Segment Start: Material provided

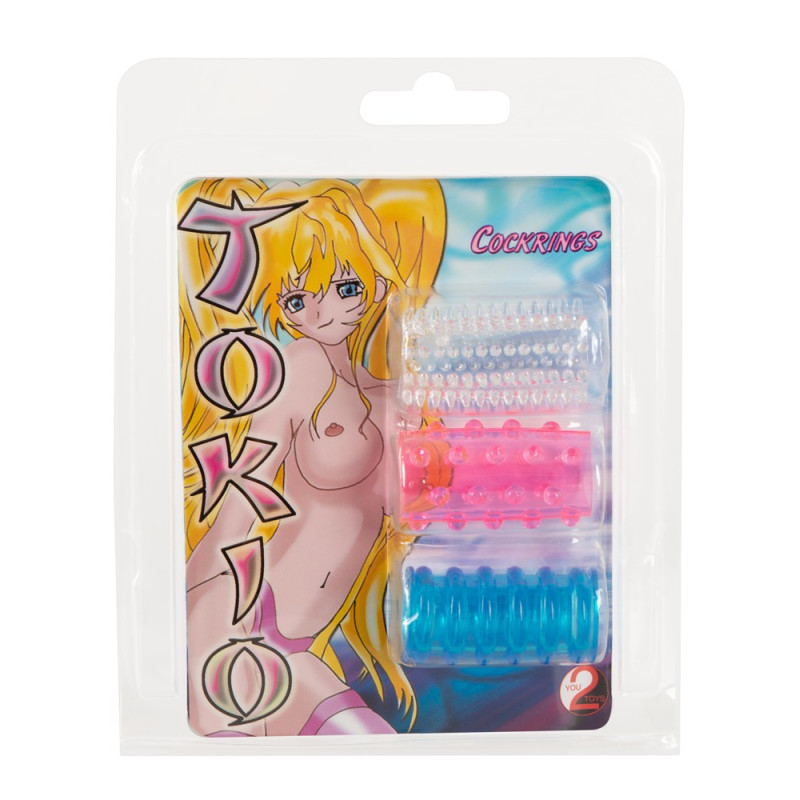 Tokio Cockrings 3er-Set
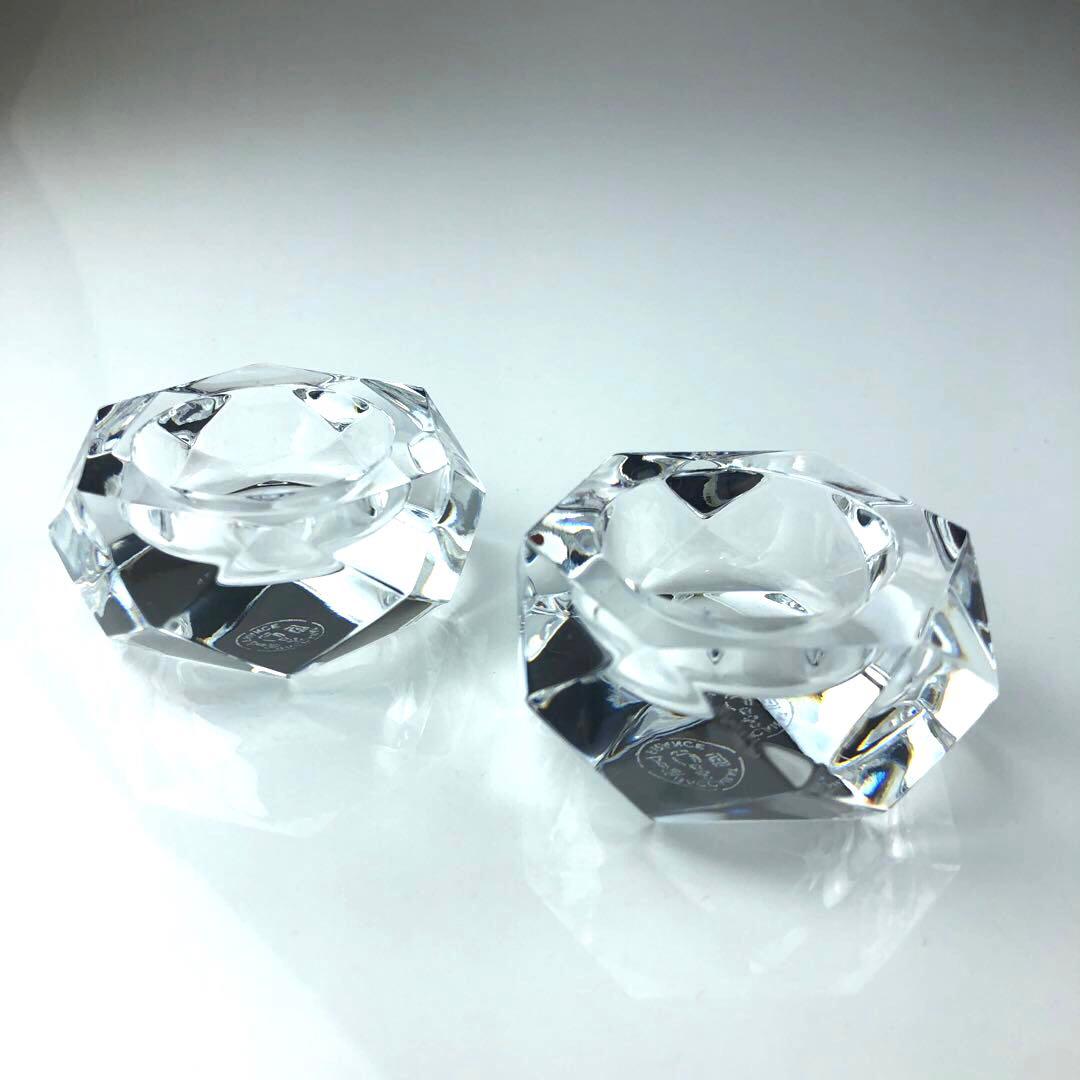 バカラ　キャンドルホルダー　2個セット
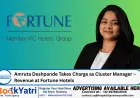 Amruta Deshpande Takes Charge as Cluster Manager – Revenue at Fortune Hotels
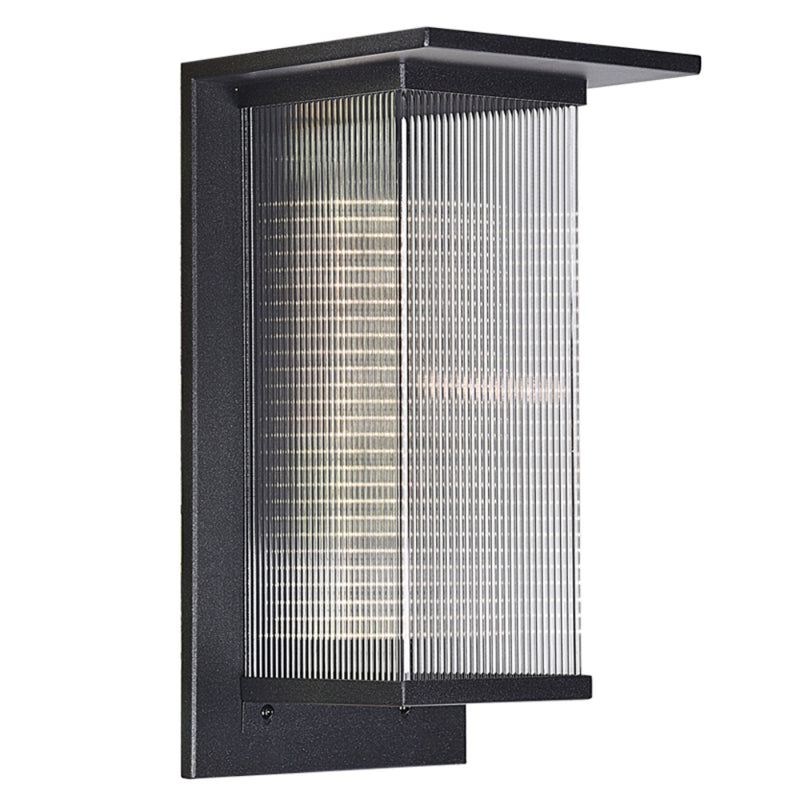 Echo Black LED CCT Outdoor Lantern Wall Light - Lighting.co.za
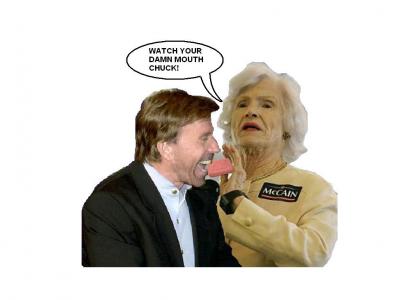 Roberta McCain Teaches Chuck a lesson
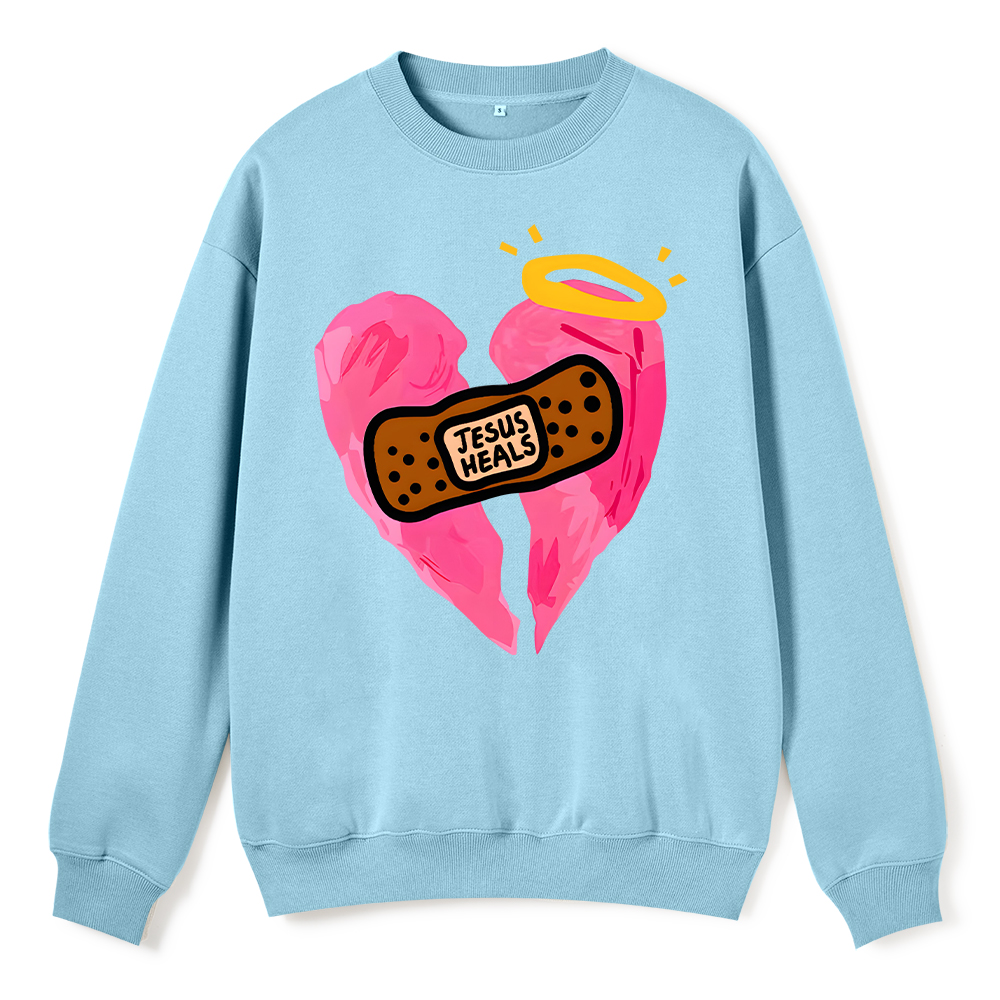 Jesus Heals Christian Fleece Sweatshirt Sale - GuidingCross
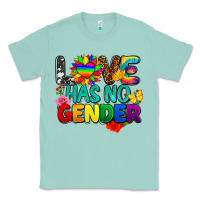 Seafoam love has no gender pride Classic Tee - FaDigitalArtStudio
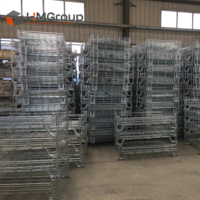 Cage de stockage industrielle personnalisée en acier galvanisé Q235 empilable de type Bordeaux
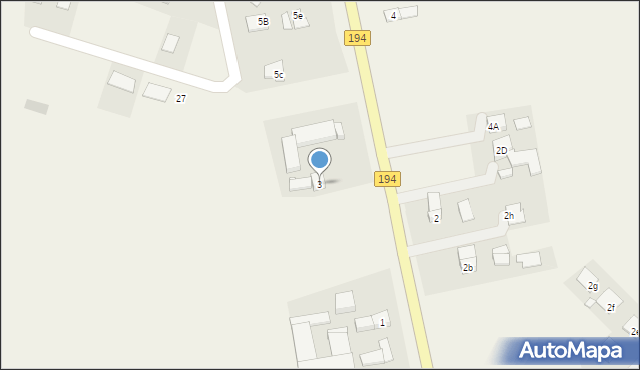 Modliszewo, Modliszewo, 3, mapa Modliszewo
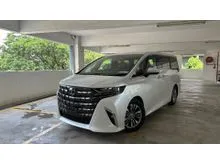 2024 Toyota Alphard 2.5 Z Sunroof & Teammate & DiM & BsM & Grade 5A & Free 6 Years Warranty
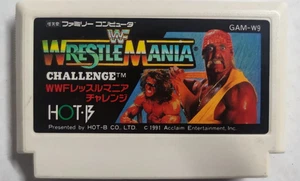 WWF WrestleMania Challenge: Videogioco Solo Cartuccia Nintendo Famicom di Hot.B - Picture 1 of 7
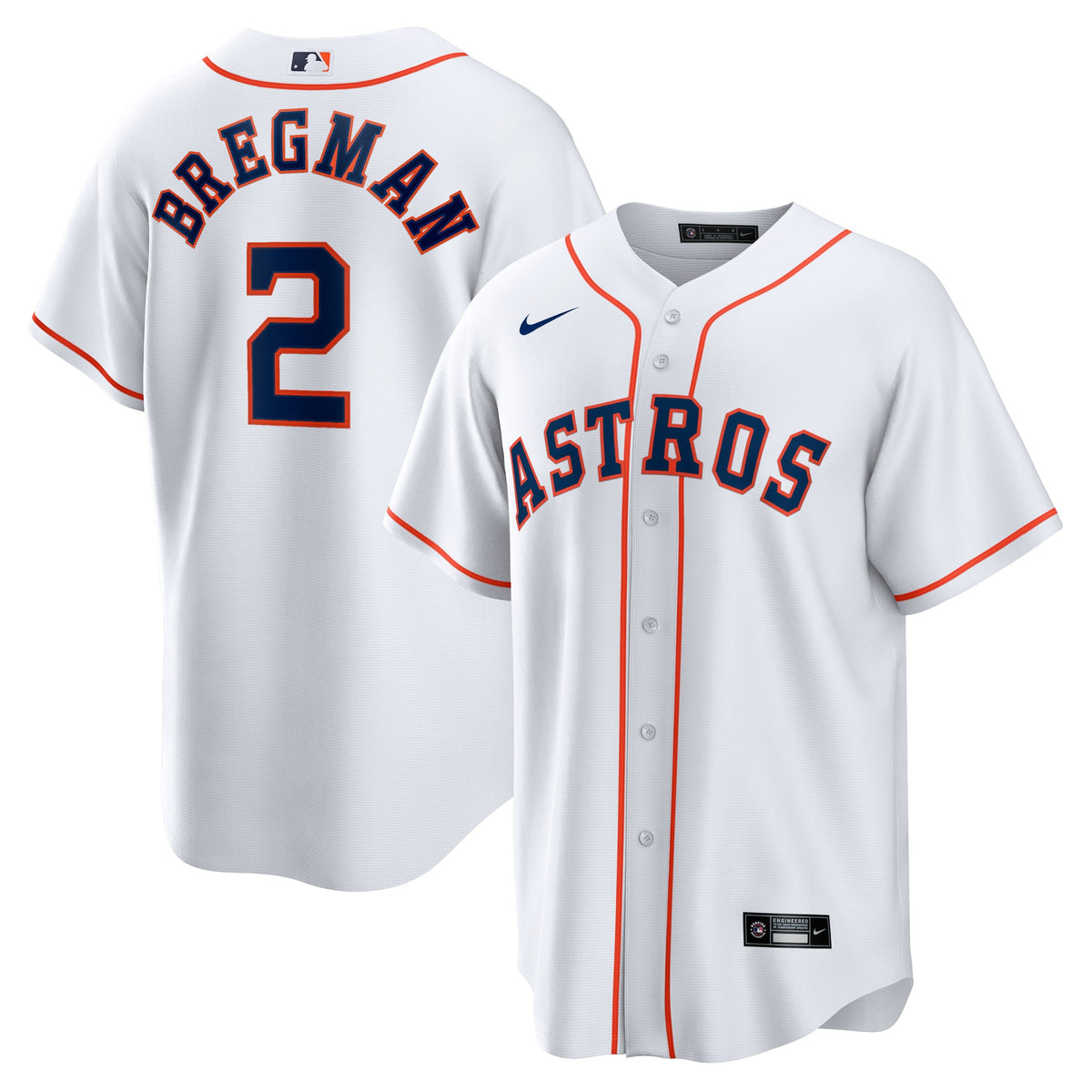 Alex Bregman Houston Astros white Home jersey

Segment End: Material provided

• **Directions for this task**
In the records above, locate the line containing "Echo Black LED", then copy exactly that line and every line after it through the end, omitting pictures.

• **Answer to this task**
 Echo Black LED CCT Outdoor Lantern Wall Light - Lighting.co.za
 Roberta McCain Teaches Chuck a lesson
 Jesus Heals Christian Fleece Sweatshirt Sale - GuidingCross
 Seafoam love has no gender pride Classic Tee - FaDigitalArtStudio
 Cage de stockage industrielle personnalisée en acier galvanisé Q235 empilable de type Bordeaux
 Modliszewo, Modliszewo, 3, mapa Modliszewo
 2024 Toyota Alphard 2.5 Z Sunroof & Teammate & DiM & BsM & Grade 5A & Free 6 Years Warranty
 WWF WrestleMania Challenge: Videogioco Solo Cartuccia Nintendo Famicom di Hot.B - Picture 1 of 7
 Alex Bregman Houston Astros white Home jersey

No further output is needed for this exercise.